I put my thought wheels into motion and I decided to use farro in a fresh summer salad.  When it comes to salads, texture is key.  I need to have clean flavors, savory elements and lots of crunch.  Cooking the farro and then baking it provides a perfect amount of bite, adds nutrients and fiber.  The farro replaces other starchy options like croutons and adds a nutty, savory flavor the replaces fats in other salads.

If you are a traditional Caesar salad eater, try this salad.  It has a similar flavor profile but is of course, healthier and yummier. The parmigiano reggiano cheese, lemon and olive oil provide the same essence as a caesar dressing without the additional fat.  The string beans and farro add the crunch instead of fried croutons and the corn adds bites of sweetness.  You can use any type of lettuce and I used a mixture of spinach, arugula and mesclun. 

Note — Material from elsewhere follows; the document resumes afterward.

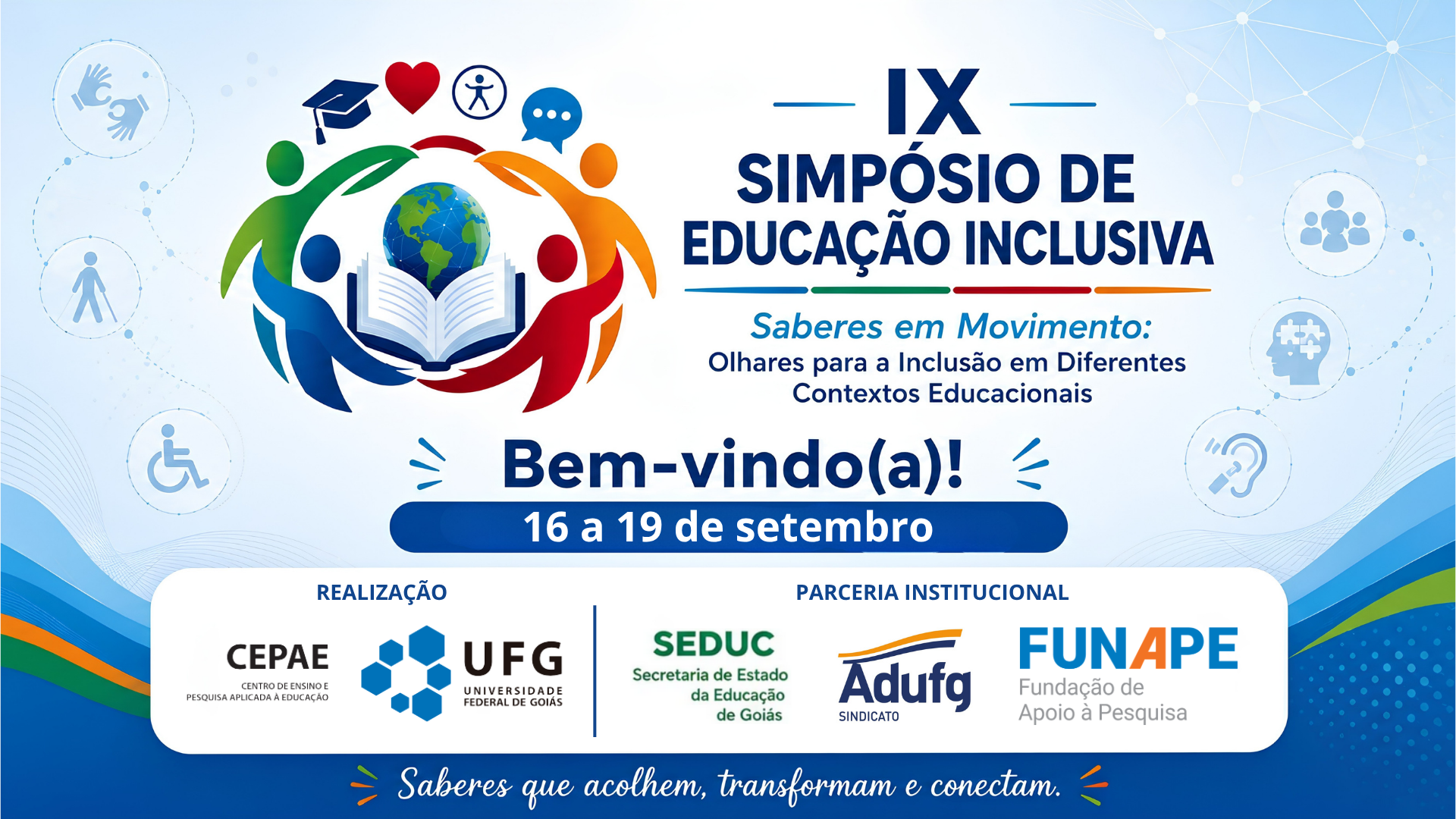 Banner oficial do IX Simpósio de Educação Inclusiva do CEPAE/UFG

Crisp Summer String Bean Salad with Farro, Corn and Chicken
Makes about 4 servings

2 cups farro (can be prepared days in advanced)
2 boneless chicken breasts, cleaned and thinly sliced
1 pound summer string beans, cleaned and cut into 2 inch pieces
Lettuce, 1 container (about 8 oz or a full head)
1 cup of corn (preferably cut from a summer cob, if not canned will do)
2 Tablespoons apple cider vinegar
1 Tabelspoon lemon juice
2 garlic cloves, minced
Parsley, cleaned and chopped about  2 tbsp.
Olive Oil, 2 tsp plus extra for cooking
1/4 cup Parmigiano Reggiano cheese

Soak the farro in cold water.  Allow it to soak for at least an hour and you can leave it soak up to overnight.  Bring about 3 cups of water to a boil.  Add the farro and allow the water to return to a boil.  Then cover and reduce to a simmer for about 20 minutes.  Remove from heat and allow to sit for 5 minutes.  Heat the oven to 350 degrees.  Allow farro to cool completely and then spread evenly onto a baking sheet.  Bake for 15-20 minutes, mixing frequently, until the farro has developed a nice crunch.  Do not over cook the farro or it will be impossible to eat.  

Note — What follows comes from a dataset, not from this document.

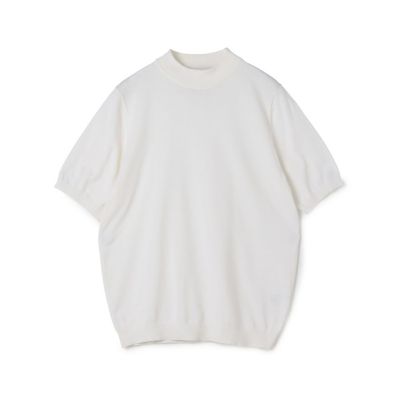ＴＯＭＯＲＲＯＷＬＡＮＤ　ｔｒｉｃｏｔ　シルクコットン　モックネックプルオーバーニット　ＳＥＳＩＡ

Clean and cut the string beans and combine with the corn.  Add 2 tablespoons of apple cider vinegar and set aside to marinate.  

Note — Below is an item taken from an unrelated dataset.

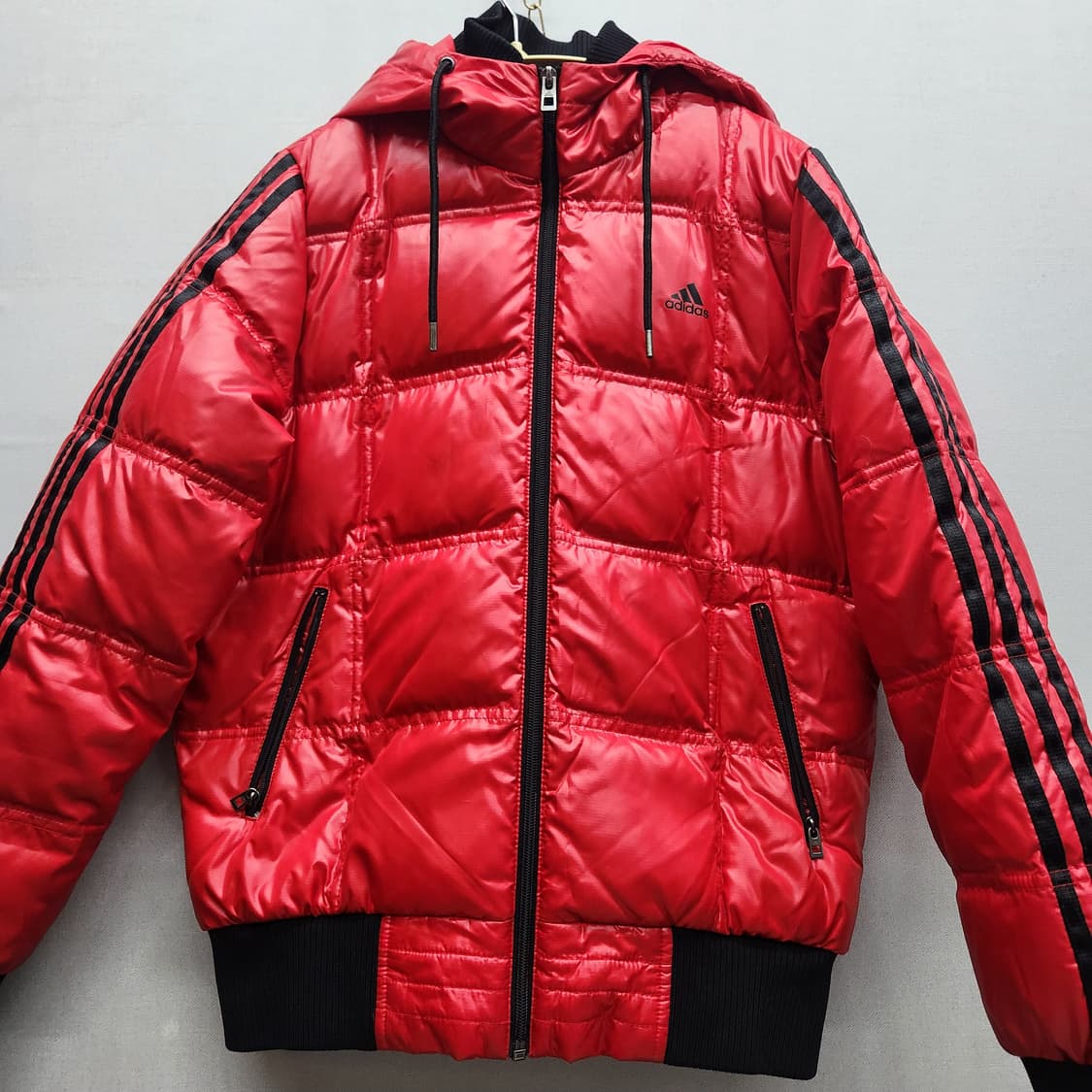 아디다스 삼선 로고 덕다운패딩 85(S~M) 상품이미지2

In a pan, drizzle olive oil and heat on medium.  Add minced garlic and saute.  Add chicken strips and allow to cook about 5 minutes.  Add parsley and finish cooking.  Cut open a piece of chicken to test for doneness then immediately remove from heat.  The chicken will continue to cook for a minute or two after it is removed from the heat and there is nothing worse than over cooked, dried out chicken.

Clean and chop the lettuce.  Add parmigiano reggiano cheese, lemon juice and olive oil and toss to coat evenly.   Salt and pepper to taste.  The key to making a good salad is to start by adding half of your ingredients and then test and taste as you go.  You can always add more, but you can't take away oil if you use too much. 

To assemble, add the chicken, corn, string beans and farro to the dressed salad and toss to mix.  Top with additional farro.  Serve and Enjoy :)

What makes this bite better?
The element of exploration!  One of the biggest problems with people's diets is the uniformity and lack of variation.  Diets that have the most variation are the healthiest.  In order to achieve variation, you must be willing to try something new.  If you have never tried farro, give it a go.  If Caesar salad is your all time favorite, it's time to break the bond and reach out to try something new. Who knows, you might just find a new, healthier favorite food.